The Influence of Josef Haydn and Wolfgang Amadeus Mozart on Beethoven's Eroica Symphony
Solomon discusses the innovative features of the Eroica symphony, and does conceded that some of these traits were anticipated by the late music of
Haydn and
Mozart. These innovations include,
the use of a new theme in the development section of the first movement, the employment of the winds for expressive rather than coloristic purposes, the introduction of a set of variations in the Finale and of a Marcia funebre in the Adagio assai, and the use of three French horns for the first time in symphonic orchestration. More fundamentally, Beethoven style is now informed with a rhetorical fluidity and structural organicism that gives the symphony its sense of unfolding continuity and wholeness within a constant interplay of moods.
The Theme of Death in the Eroica Symphony
Solomon also tells us that another unique characteristic of the Eroica symphony and the subsequent works is the incorporation into musical form the idea of death, destructiveness, anxiety, and aggression as terrors to be transcended within the work of art itself. This idea of transcending, or overcoming, as mentioned before, is central to the Heroic style. Joseph Kerman, Alan Tyson, Scott G. Burnham, and Douglas Johnson paraphrased it nicely when they wrote that the manipulation of sonata form in a more comprehensive and less formalistic way was the most innovative feature of the Eroica Symphony.

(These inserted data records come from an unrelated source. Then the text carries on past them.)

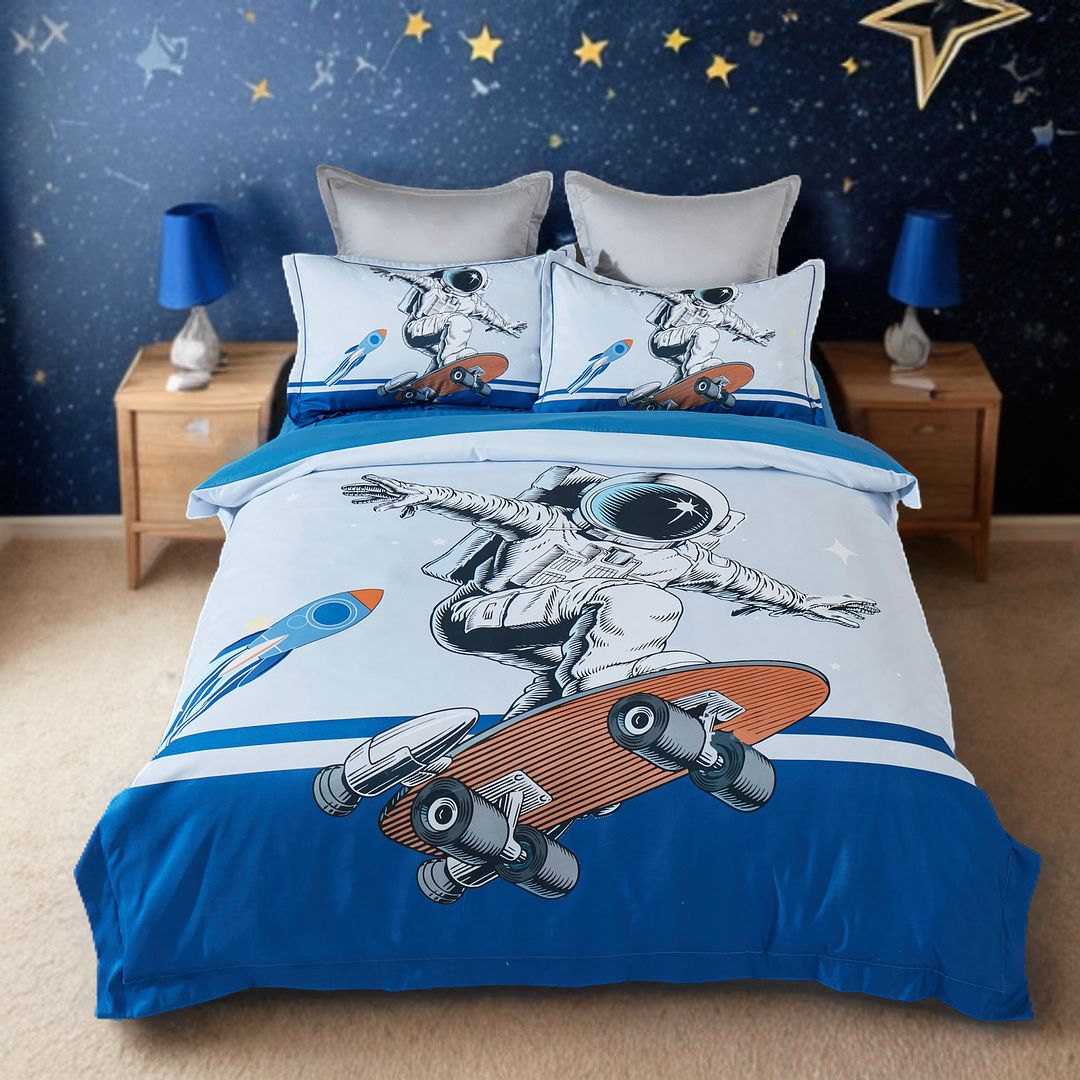 Astronaut on Skateboard Quilt Cover Set King Single – Space Adventure Bedding for Kids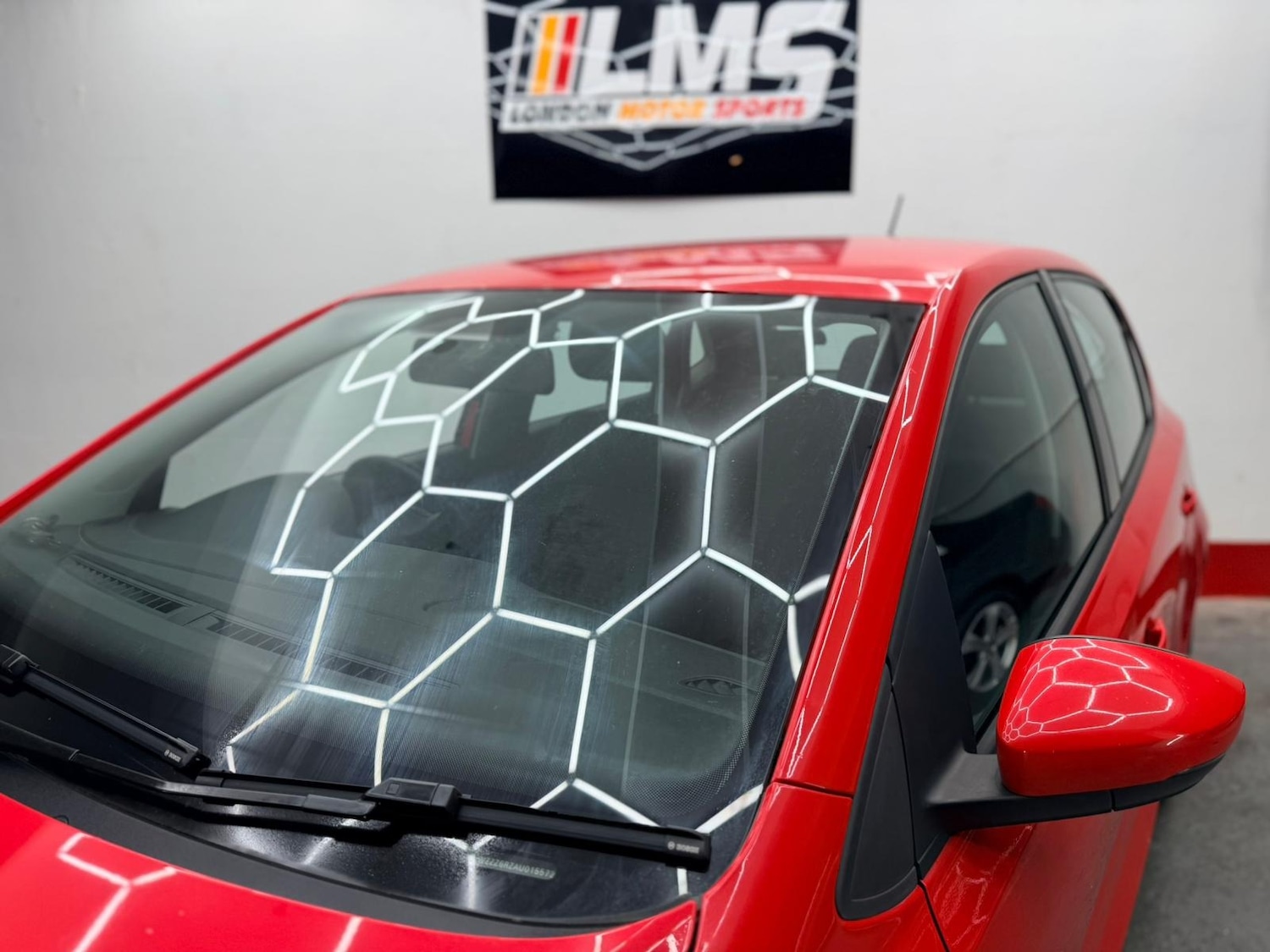 Used Volkswagen Polo 2010 for sale - 76437054: Photo 9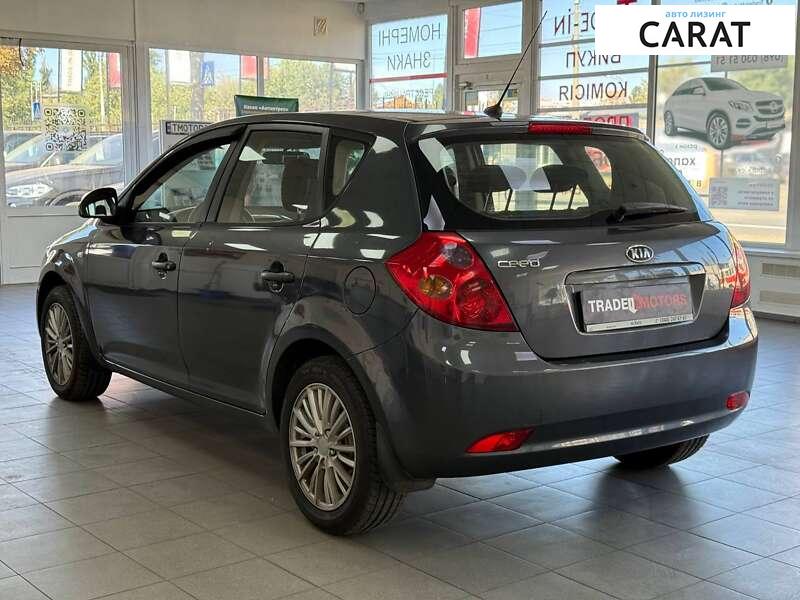 Kia Optima 2011 Kia Optima 2011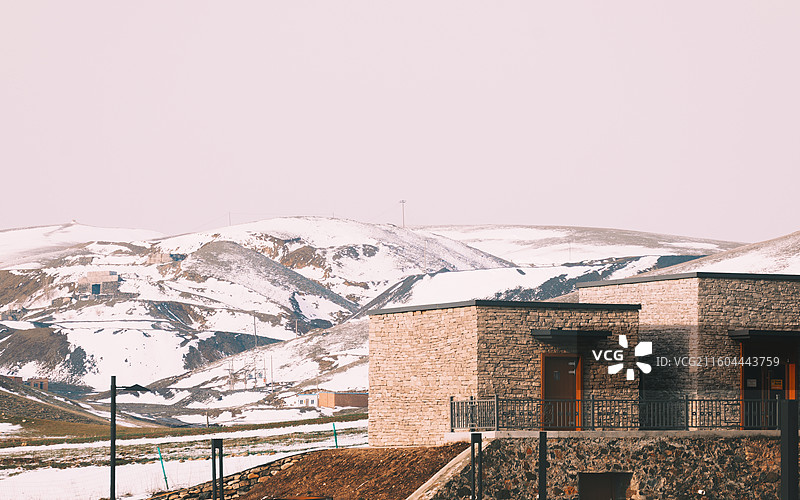 春天包头春坤山春雪后风光图片素材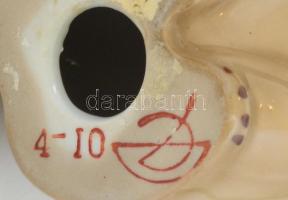 Misa maci porcelán figura, olimpiai ötkarikás logóval, kézzel festett, jelzett, apró kopásnyomokkal,...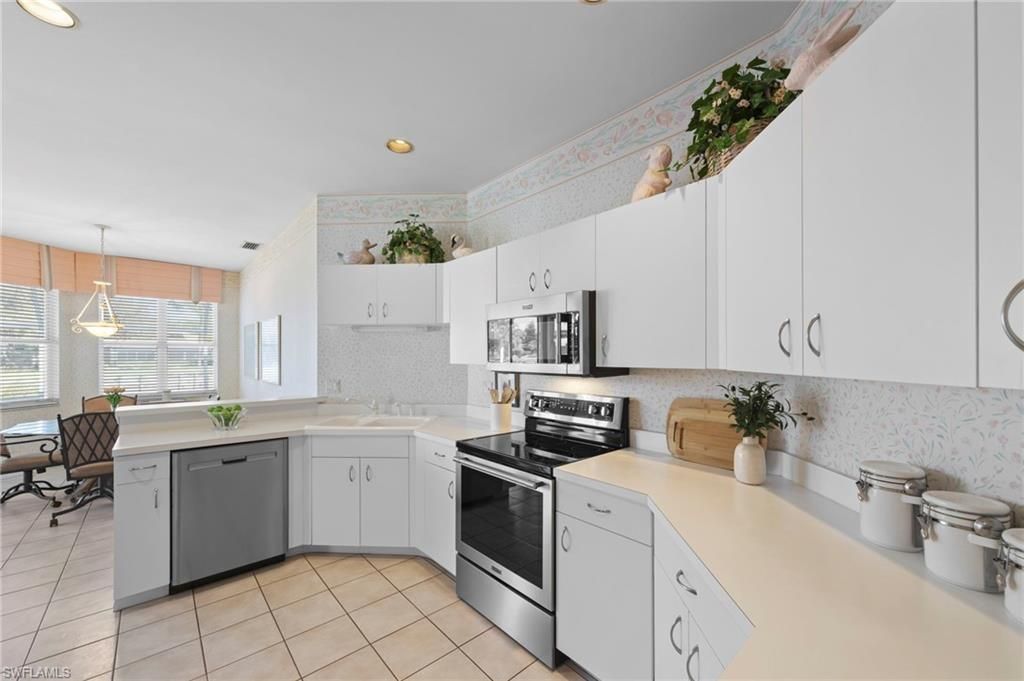 8509 Fairway Bend Dr, Estero, FL 33967 Photo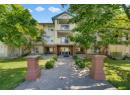 250 5 Street SE Unit# 111, Salmon Arm, BC V1E 1J8
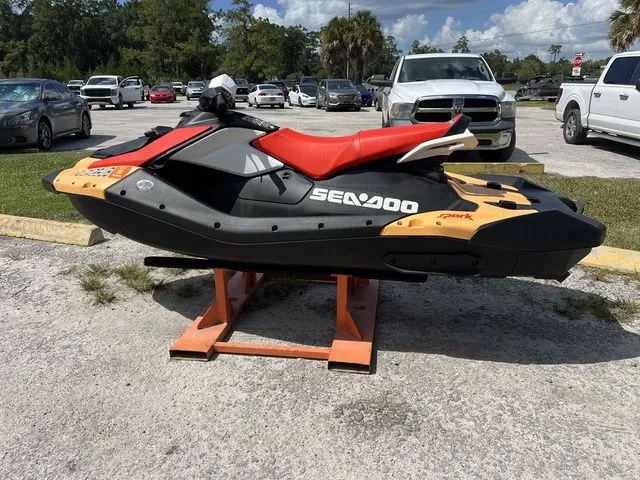 Slide: The Image of Sea-Doo Spark for 3 2025 - 8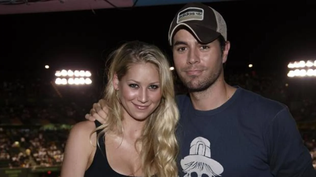 Enrique Iglesias y Anna Kournikova. (EFE)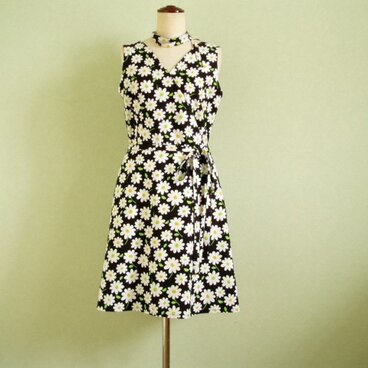 sold　マーガレット柄のカシュクールワンピース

Innovative Features of the Symphony
The combined innovations eventually caused people to label the Eroica Symphony a masterpiece. Heinrich Schenker, the man who laid the ground work for future structural analyses by musicologists, students, professors, professionals and amateurs, held up the Eroica as an example of just such a piece in his writings before his death in the 1930s. In an article in the
New York Times, Edward Rothstein examines Schenkers assertions about the concept of a masterpiece and takes a specific look at the Eroica. Rothstein believes that the work can be labeled a masterpiece, but not for the harmonic or structural reasons Schenker sets forth. Instead, its value lies in the potential interpretation that can arise out of that harmonic language and stresses that this is entirely objective and subject to culture (complex cultural meanings grow out of abstract form, as he puts it.)
Capstone on the Eroica Symphony
Regardless of ones personal feelings about
Beethovens third symphony, the fact that it is still discussed in one of the modern worlds largest newspapers is a testament to its power and impact on music almost two hundreds years after it was composed. The length, breadth of ideas, scope, orchestration and use of instruments, the musical embodiment of death, the idea of overcoming, and the political and historical significance of the work as a representation of the enlightenment period and hence, French revolution, are respected and recognized throughout the world.